We Have The First-Ever 3D Map of Our Solar System’s Heliosphere, And It’s Amazing

We now have a three-dimensional map of one of the boundaries of the Solar System.

For the first time, astronomers have been able to determine the shape of the heliosphere, the boundary that marks the end of the influence of our star’s solar wind. This discovery could help us better understand the environment of the Solar System, and how it interacts with interstellar space.

 

“Physics models have theorized this boundary for years,” said astronomer Dan Reisenfeld of Los Alamos National Laboratory. “But this is the first time we’ve actually been able to measure it and make a three-dimensional map of it.”

Actually, we have had encounters with the edge of the heliosphere, a boundary known as the heliopause. Both Voyager probes, launched over 40 years ago, have encountered it and traveled past into interstellar space.

The heliopause is a fascinating place. The Sun is constantly gusting a stream of charged particles – a supersonic wind of ionized plasma – out into space. Eventually, the solar wind loses strength over distance, so that it is no longer sufficient to push against the pressure of interstellar space. The point at which that happens is the heliopause.

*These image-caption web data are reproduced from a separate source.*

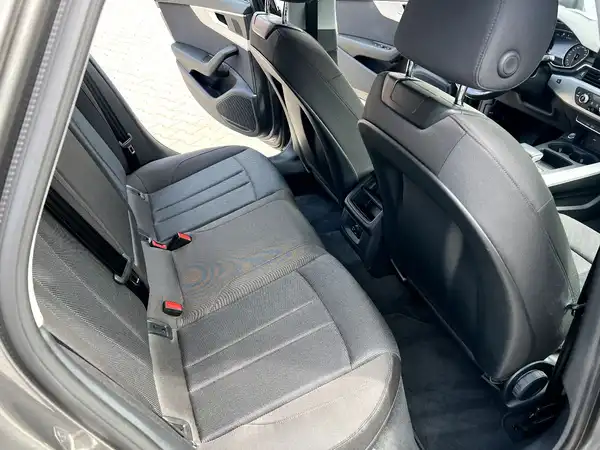 AUDI A4 AVANT (15/27)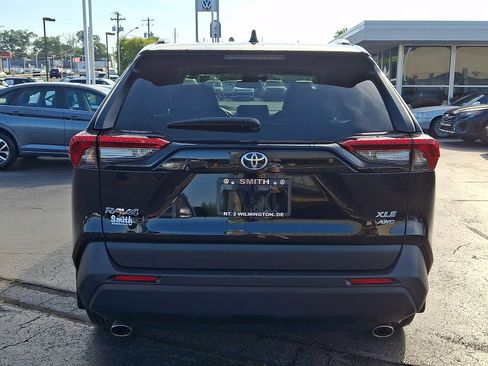 Used 2024 Toyota RAV4 XLE AWD/4WD image 5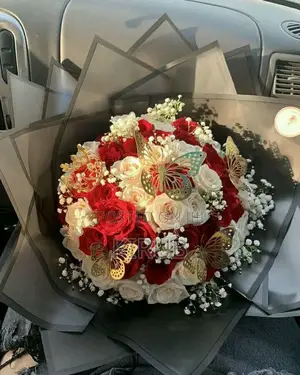 Classic Rose Boupuet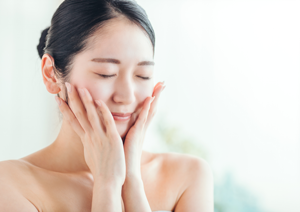 大ホールでの定期イベントで育児サポート!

Interstellar space doesn’t have a great deal of material in it, but there’s enough that it does have a low density of atoms, and a cosmic wind blowing between the stars.

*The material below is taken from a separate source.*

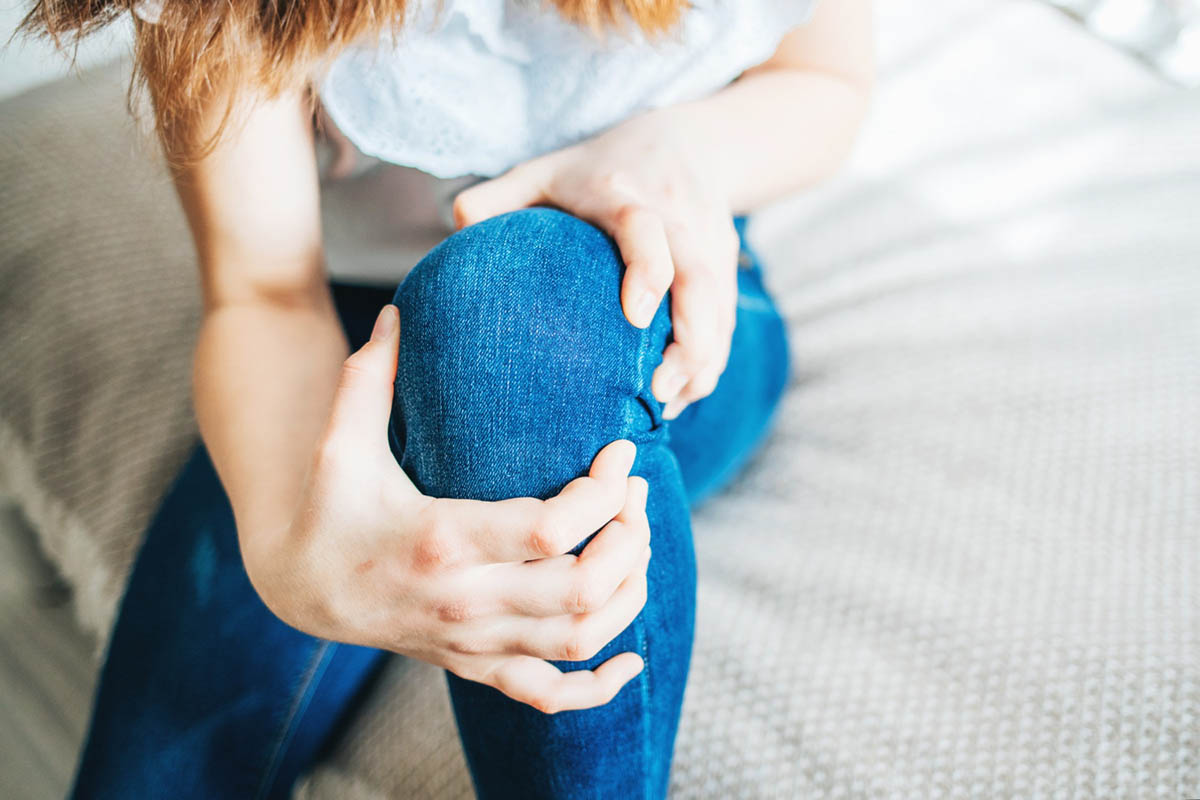 Signs and Symptoms of Postpartum Joint Pain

The shape of the boundary between the two has been a matter of some debate. Is it a rounded bubble? A comet-shaped structure, with a tail streaming behind the Solar System as it moves around the Milky Way galaxy? Or something a bit more like a strange croissant?

 

We can’t exactly just nip over and take a survey – Voyagers 1 and 2 were 121 and 119 astronomical units from the Sun respectively when they encountered the heliopause, and had taken decades to get there.

But that doesn’t mean we can’t take a look. Reisenfeld and his team used data from NASA’s Earth-orbiting Interstellar Boundary Explorer (IBEX) satellite, an observatory that measures particles flung from the heliosheath, the very outer region of the heliosphere.

Some of those particles are what scientists call energetic neutral atoms, or ENAs. These are generated by collisions between particles from the solar wind and particles from the interstellar wind, and the strength of their signal depends on the strength of the solar wind at the time of the collision – just like the wind on Earth, the solar wind doesn’t always blow at the same intensity.

Decoding this signal to map the heliopause is a bit like the way a bat uses sonar to map its physical surroundings. The strength of the signal and the time lag between sending and receiving can reveal the shape and distance of obstacles.

 

“The solar wind ‘signal’ sent out by the Sun varies in strength, forming a unique pattern,” explained Reisenfeld.

“IBEX will see that same pattern in the returning ENA signal, two to six years later, depending on ENA energy and the direction IBEX is looking through the heliosphere. This time difference is how we found the distance to the ENA-source region in a particular direction.”

The team used data from a full solar cycle, from 2009 to 2019. The map thus generated is still a little approximate, but it’s already revealing interesting things about the heliopause.

(Los Alamos National Laboratory)

We now know, for example, that the shape of it (animated above) appears to be a bit comet-like after all, with a tail that’s at least 350 astronomical units long (that’s the current limit of IBEX’s reach), although the length of the tail is impossible to gauge. It could be short and stumpy. On the other hand, the minimum radial distance to the ‘nose’ of the heliopause seems to be around 110 to 120 astronomical units, consistent with the Voyager crossings.

At high latitudes, the heliopause extends to 150 to 175 astronomical units. This shows that the shape is more bullet-like, not at all consistent with the weird croissant model.

The IBEX mission is still going, and will continue until at least 2025. The Interstellar Mapping and Acceleration Probe is due to commence in 2025, picking up where IBEX leaves off.

The team hopes that both these missions will provide more data to help refine the heliopause’s shape.

The research has been published in The Astrophysical Journal Supplement Series.